In this line of work, this article presents the application of computational intelligence methods for solving the disaggregation problem by recognizing on/off appliances states and state changes using the aggregate consumption signal, and determine energy consumption patterns. Three methods are compared to solve the problem: a Naive Bayes classifier, a K Nearest Neighbors algorithm, and a Long Short Term Memory (LSTM) neural network. The experimental evaluation of the proposed algorithm is performed over synthetic datasets, specifically built using real energy consumption data from the well-known UK-DALE repository [6]. The main results demonstrate that the proposed LSTM neural network is able to compute accurate solution to the problem, achieving a successful rate of state changes up to 75% and values close to 1 of the of F1-score learning metric on certain appliances.

The research is developed within the project “Computational intelligence to characterize the use of electric energy in residential customers”, funded by the National the Uruguayan government-owned power company (UTE) and Universidad de la República, Uruguay. The project proposes the application of computational intelligence techniques for processing household electricity consumption data to characterize energy consumption, determine the use of appliances that have more impact on total consumption, and identify consumption patterns in residential customers.
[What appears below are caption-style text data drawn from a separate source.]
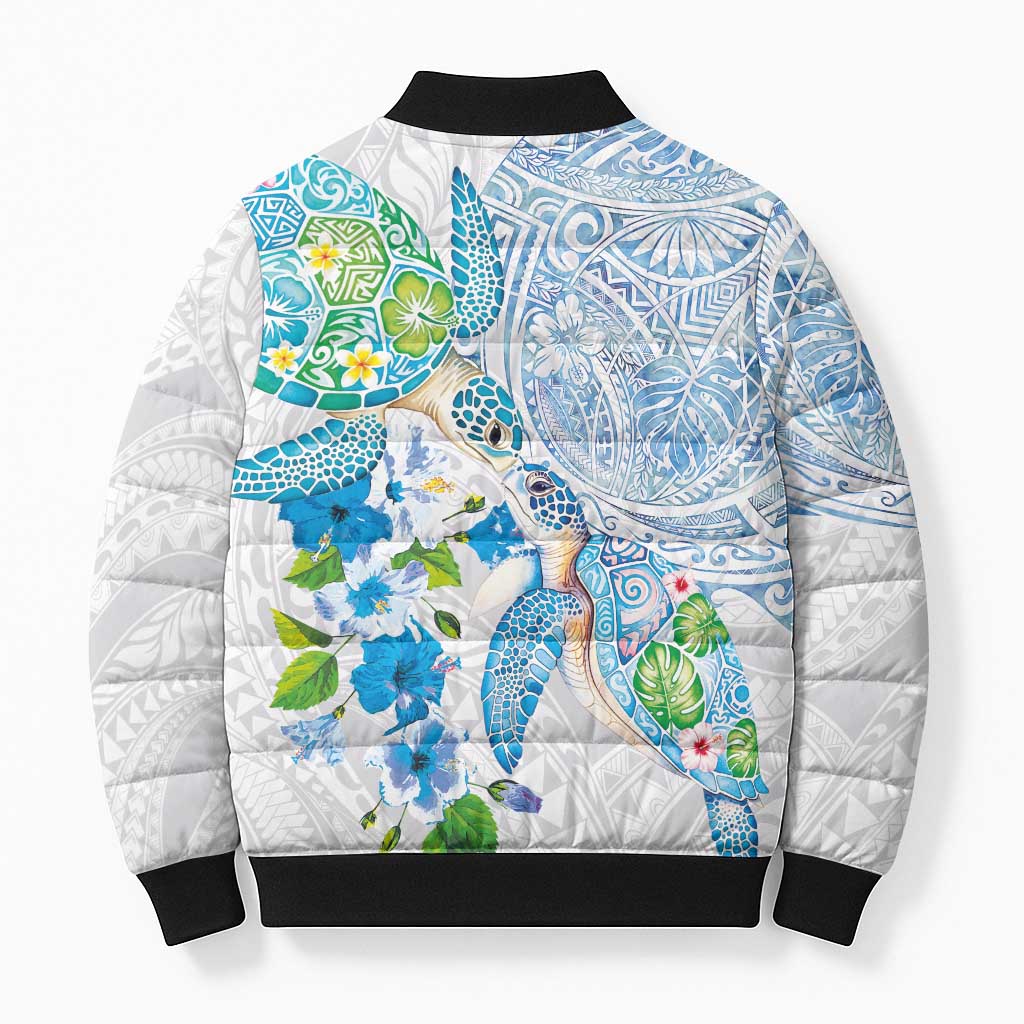 Hawaiian Couple Turtles Honi Bomber Puffer Jacket Polynesian Art Motifs and Hibiscus White Blue Color - Polynesian Pride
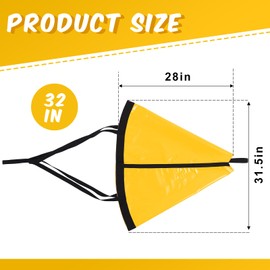 Tandefio 2 Pcs Marine Boat Parachute Sea Anchor Drift Sock for Fishing Boat 250d Nylon Trolling Fishing Drogue for Inflatable Sail Drift Anchor for Kayak Pontoon (32 Inch,Yellow)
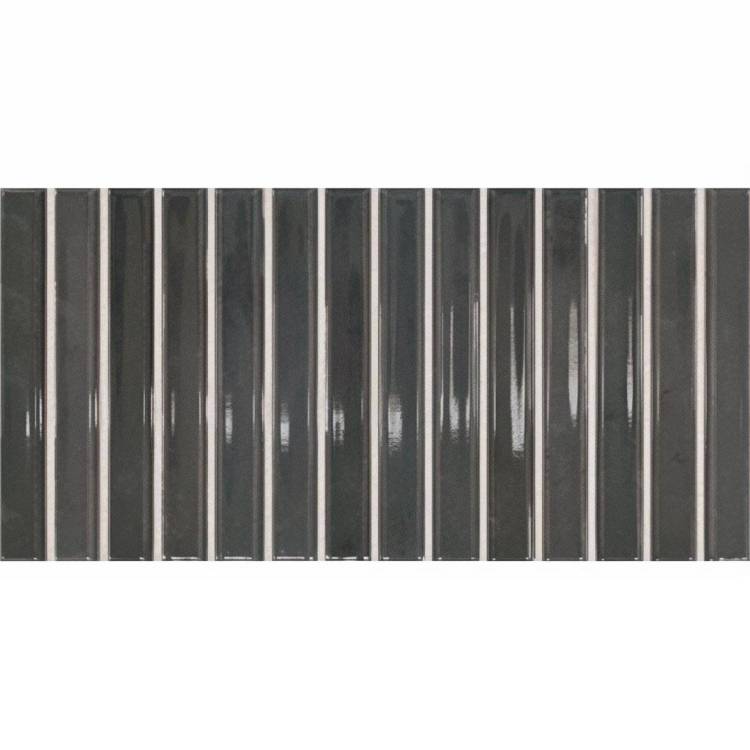 Керамическая плитка Dna Tiles Flash Bars 133477 Graphite 12.5x25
The main contributions of this article include the design and implementation of three classifiers to solve the stated variant of the energy consumption disaggregation problem in residential households, and their experimental evaluation over a set of problem instances.

The article is structured as follows. Section 2 presents the main concepts related to energy disaggregation. A review of the main related work is presented in Sect. 3. The studied computational intelligence methods for energy consumption disaggregation are described in Sect. 4. The experimental evaluation of the proposed methods is reported in Sect. 5. Finally, Sect. 6 presents the conclusions and the main lines of future work.

2 Energy Disaggregation in Households

This section presents the main details about the energy disaggregation problem.

2.1 Overall Description

The energy disaggregation problem consists of disaggregating the overall energy consumption of a house into the individual consumption of a number of appliances. Energy disaggregation is a special case of a classification problem.

The problem was defined by Hart [5]. The goal of the problem is to identify which appliances are switched on and off in an electrical grid over a period of time by analyzing the aggregate power measures. The main idea is that appliances operate at certain power levels during specific periods of time and change the aggregate signal in a specific way, therefore produce a characteristic signature. Other variables related to appliance usage may be taken into consideration, such as day of the week, temperature and weather information. This kind of techniques are called non-intrusive because do not require physical intervention on the grid components.

In this article, the binary variant of the problem is addressed, where appliances could be either on or off. The distinction between one state and the other is computed according to a set of threshold values called standby consumption, specific for each appliance. A more complex variant of the problem consists of accounting for different consumption states in the considered appliances. This is a significantly harder approach compared to the binary variant.

2.2 Mathematical Model

Consider a set of appliances available in a house \(E = \{e_1, e_2, e_3 ... e_n\}\) and let \(X_t\) be the aggregate power consumption of the house at a given time step t. \(x_t\) can be expressed as the sum of the individual power consumption \(X_t^i\) of each appliance in use in that time step, according to Eq. 1, where \(y_i\) is the power demand of appliance \(e_i\), \(a_i(t)\) is a Boolean function returning weather or not appliance i is on at time t, and o(t) represents the noise in the grid.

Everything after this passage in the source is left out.